Link dimensioning, traffic forecasting, redundancy planning, and cost vs performance trade-offs from a real consultant’s perspective
1. What Transport Design Actually Involves
Transport design is not an activity that happens after the RAN team has decided where to put base stations. It is a parallel engineering process that must start from day one of network planning, because transport constraints directly determine what RAN configurations are feasible, where UPFs can be placed, and what SLAs can be offered to enterprise customers.
The three pillars of transport design are dimensioning (how big do the links need to be), topology (what physical paths connect which nodes), and redundancy (what happens when things fail). Get any one wrong and you either overspend by deploying capacity you do not need, or underspend and face an upgrade crisis 18 months into operations.
2. Link Dimensioning — The Engineering Process
Step 1: Traffic Forecasting Per Segment
Every link dimensioning exercise starts with a traffic forecast. For 5G transport, the forecasting inputs are:
| Input | Source | How It Drives Dimensioning |
| Number of gNB sites per hub | RAN rollout plan | Each site contributes fronthaul and backhaul traffic |
| Peak throughput per gNB | RAN link budget, spectrum allocation | Massive MIMO 64T64R on 100MHz TDD can generate 3-5 Gbps downlink per sector |
| Number of sectors per site | Site design | Typical: 3 sectors × peak throughput = site peak |
| Traffic model (oversubscription) | Operator traffic data or ITU-T models | Simultaneous utilisation rate — typically 5-15% of sites at peak simultaneously |
| Growth rate forecast | Business plan | Year-over-year traffic growth — typically 30-50% in 5G networks |
| Overhead factors | GTP-U, IP/MPLS, eCPRI headers | Add 10-20% for encapsulation overhead above application throughput |
The oversubscription factor is the most critical — and most debated — input. In a mature LTE network, an operator might know that 8% of sites are simultaneously at peak utilisation. In a new 5G network with unknown traffic patterns, you have to estimate. Being too conservative wastes capex. Being too aggressive means congestion in month 6 of operations.
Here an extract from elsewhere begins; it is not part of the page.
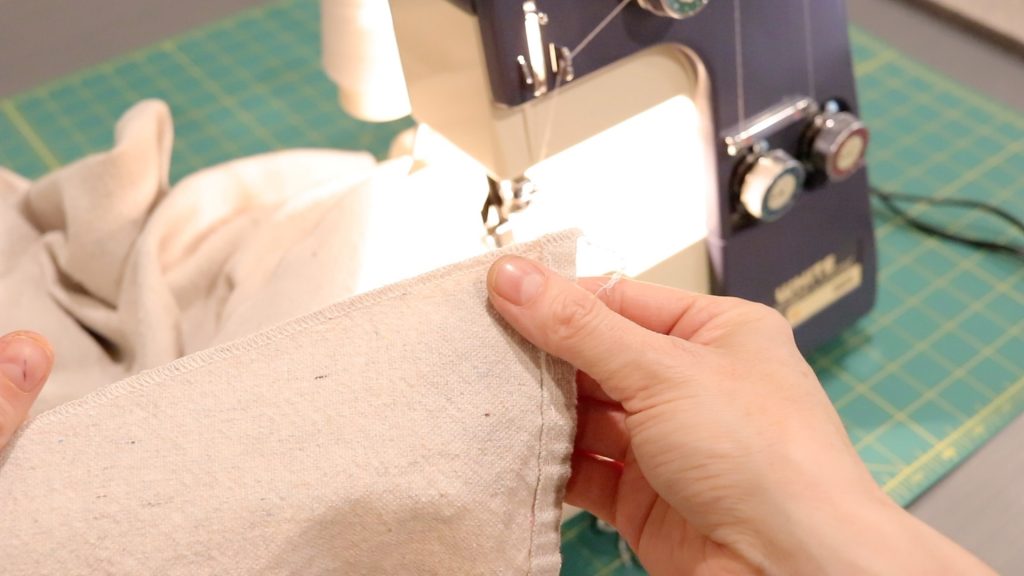 A woman holding an edge of canvas fabric that has just been sewn with a serger using white thread. The serger is sitting on the table in the background.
Step 2: Per-Segment Traffic Calculation
Once you have per-site throughput and oversubscription factors, calculate the traffic at each aggregation point:
- Site fronthaul: RU to DU capacity = peak eCPRI throughput per sector × number of sectors. For Option 7-2x with 100MHz NR: approximately 25Gbps per sector. Three sectors = 75Gbps. This drives fronthaul link sizing — typically 25GE per sector or 100GE aggregated per site.
- Aggregation hub midhaul: sum of all site backhaul throughputs feeding that hub × oversubscription factor. Example: 20 sites at 3Gbps peak each, 10% oversubscription = 20 × 3 × 0.10 = 6Gbps. A 10GE uplink from the hub to the core is adequate; plan for 100GE when growth reaches 50%.
- Core/N3 links: sum of all hub traffic plus growth headroom. If core carries traffic from 10 hubs each with 6Gbps aggregate = 60Gbps core link traffic. Two 100GE links with ECMP provide 200Gbps capacity and redundancy.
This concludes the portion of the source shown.